Elixir was also considered a powerful panacea for human bodies. One book recounts how Jabir ibn Hayyan used elixir to cure a sick woman:

I saw her almost dead, her strength very much depleted. But I had a little of the elixir with me and of this I made her drink the amount of 2 grains in 3 oz. of pure oxymel. By God and by my Master, I had to cover my face before the maiden, for in less than half an hour her perfection was restored even to a higher degree than she had formerly possessed.

Healed, the woman becomes radiant—like the luster of gold emerging from the dullness of lead. Perhaps this can begin to explain why an alchemist would attempt to create artificial life. The line between metal “bodies” and human bodies is not as stark as it would appear. An infusion of human blood treats metals; a dose of elixir heals humans.

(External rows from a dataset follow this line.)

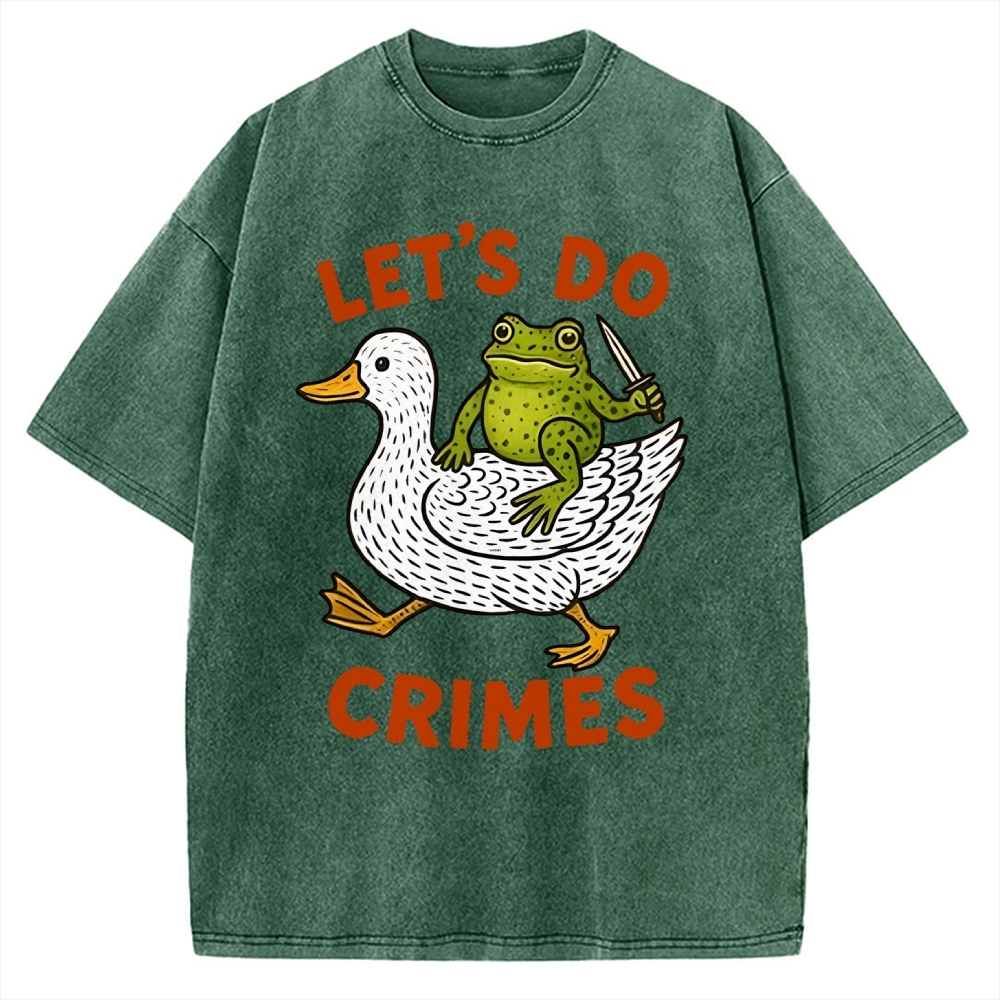 Frog Ready To Commit Crime Vintage Washed T-shirt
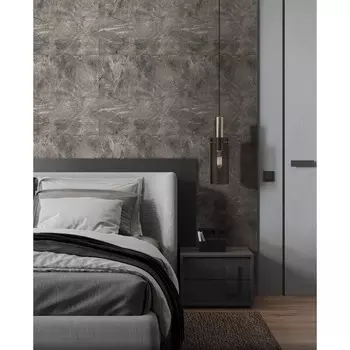 Стеновая панель ПВХ «Карпаты», 12006002.5 мм, цвет сатиновый тёмно - серый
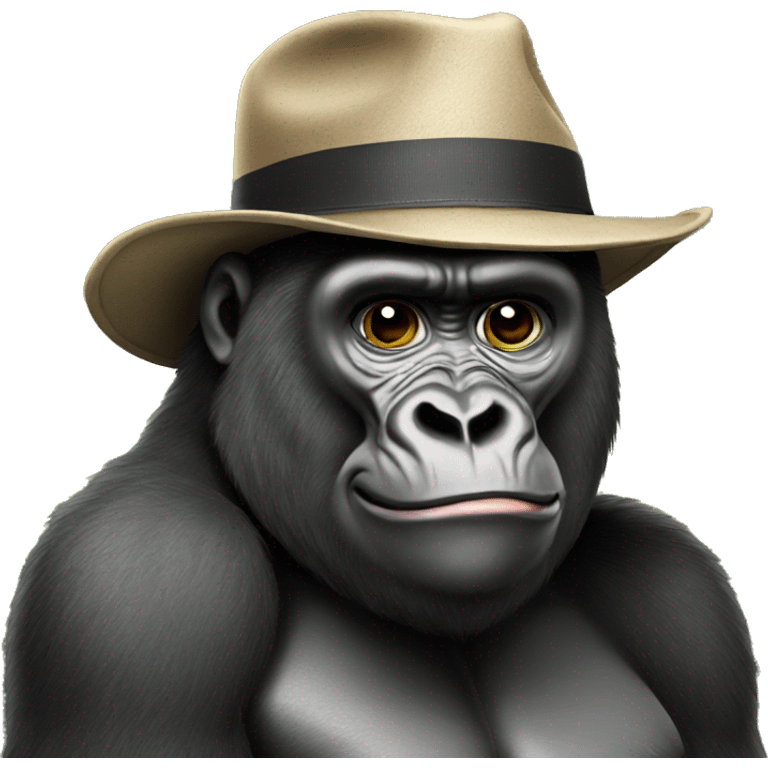 Gorilla with a hat emoji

This is what makes Jabirian alchemy so marvelous: it is a system built on paradoxes. Lead and gold are external opposites, but that is what makes it possible to transmute one into the other. Alchemy is both practical and metaphysical. It has a manifest meaning and an occult meaning, a zahir and a batin. Its apparent goal is the creation of riches, but its deeper goal is much more audacious. The alchemist seeks to strip bare the world’s secrets, to break it down to its building blocks and rearrange them.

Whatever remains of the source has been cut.